1

I post a new question related the old for a problem with the get from queue. This is the code (thanks to Martijn Pieters)

import asyncio
import sys
import json
import os
import websockets


async def socket_consumer(socket, outgoing):
    # take messages from the web socket and push them into the queue
    async for message in socket:
        await outgoing.put(message)
        file = open(r"/home/host/Desktop/FromSocket.txt", "a")
        file.write("From socket: " + ascii(message) + "\n")
        file.close()


async def socket_producer(socket, incoming):
    # take messages from the queue and send them to the socket
    while True:
        message = await incoming.get()
        file = open(r"/home/host/Desktop/ToSocket.txt", "a")
        file.write("To socket: " + ascii(message) + "\n")
        file.close()
        await socket.send(message)


async def connect_socket(incoming, outgoing, loop=None):
    header = {"Authorization": r"Basic XXX="}
    uri = 'XXXXXX'
    async with websockets.connect(uri, extra_headers=header) as web_socket:
        # create tasks for the consumer and producer. The asyncio loop will
        # manage these independently
        consumer_task = asyncio.ensure_future(
            socket_consumer(web_socket, outgoing), loop=loop)
        producer_task = asyncio.ensure_future(
            socket_producer(web_socket, incoming), loop=loop)

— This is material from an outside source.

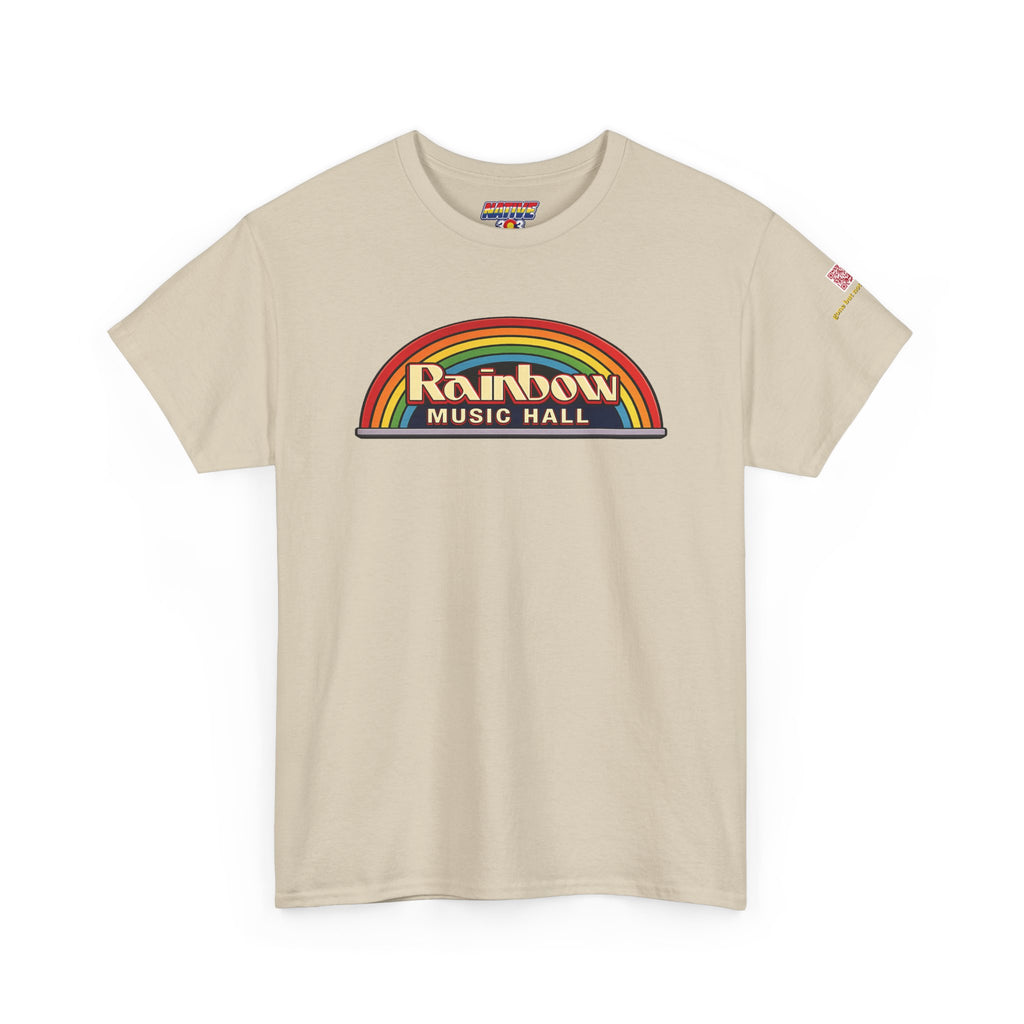 Rainbow Music Hall - vintage Denver gear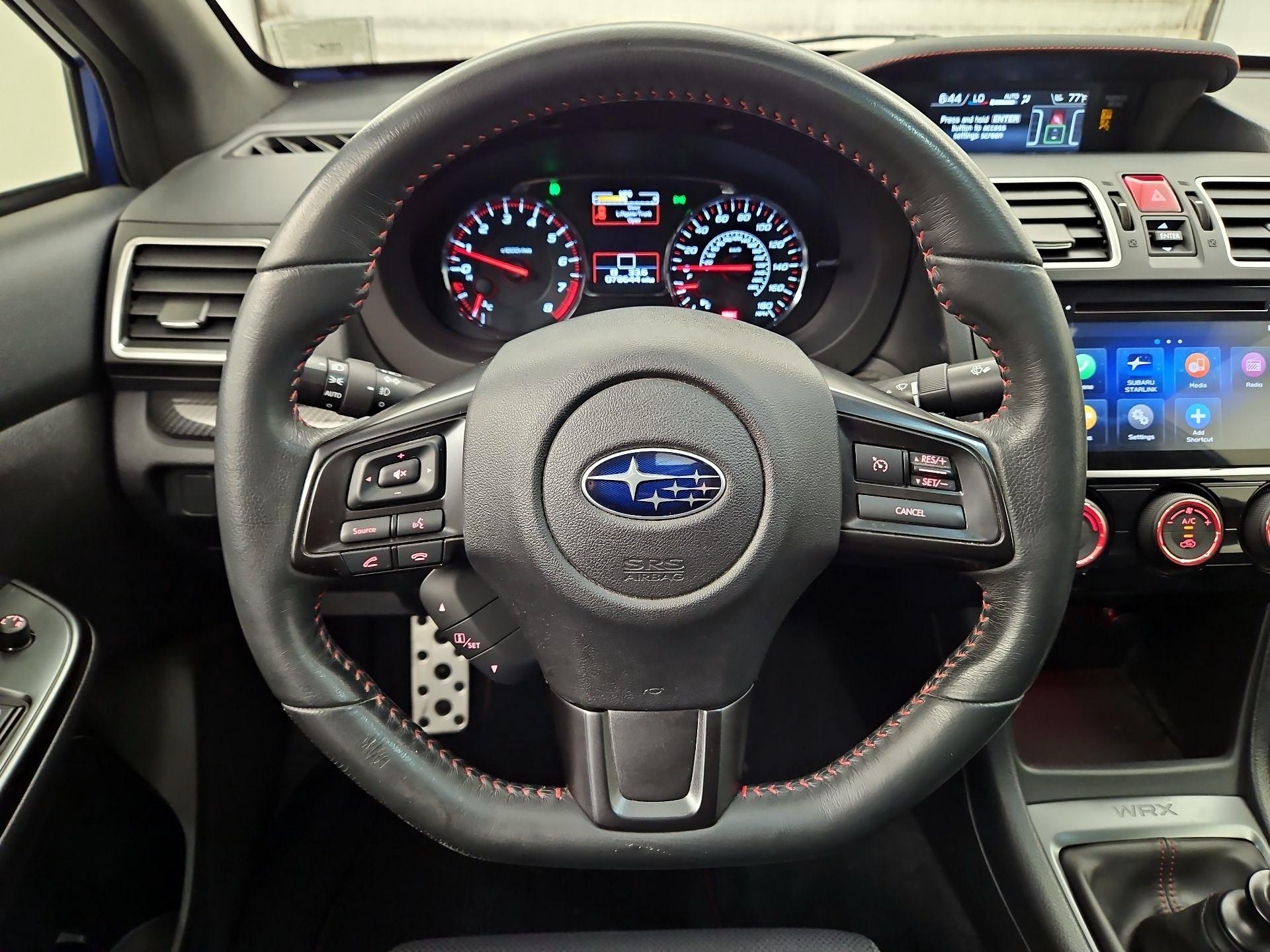 Thumbnail: 2021 Subaru WRX - 10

        # start both tasks, but have the loop return to us when one of them
        # has ended. We can then cancel the remainder
        done, pending = await asyncio.wait(
            [consumer_task, producer_task], return_when=asyncio.FIRST_COMPLETED)
        for task in pending:
            task.cancel()


# pipe support
async def stdio(loop=None):
    if loop is None:
        loop = asyncio.get_event_loop()

    reader = asyncio.StreamReader()
    await loop.connect_read_pipe(
        lambda: asyncio.StreamReaderProtocol(reader), sys.stdin)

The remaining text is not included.